» Work order
Quote the whole listing word for word. Do not include the pictures.

» Study material

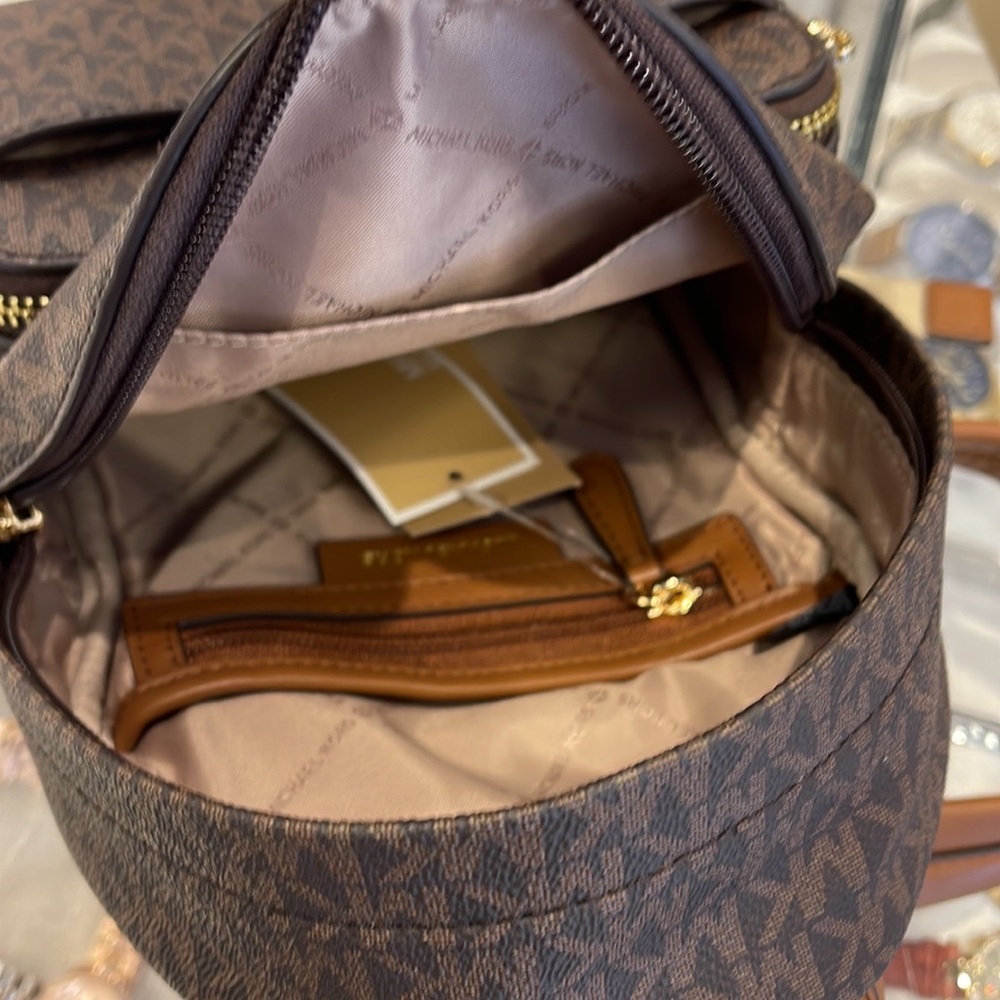 MICHAEL KORS
Maisie Extra-Small Logo 2-in-1 Backpack
Brown
NWT - Picture 11 of 16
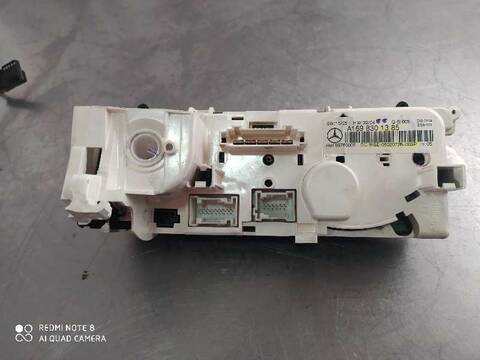 Foto 3ª: Mando Calefacción A. A. Mercedes Clase A 140 A 200 CDI 169.308) 140CV 103KW [640941] (2006)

» Exercise answer
 MICHAEL KORS
Maisie Extra-Small Logo 2-in-1 Backpack
Brown
NWT - Picture 11 of 16
 Foto 3ª: Mando Calefacción A. A. Mercedes Clase A 140 A 200 CDI 169.308) 140CV 103KW [640941] (2006)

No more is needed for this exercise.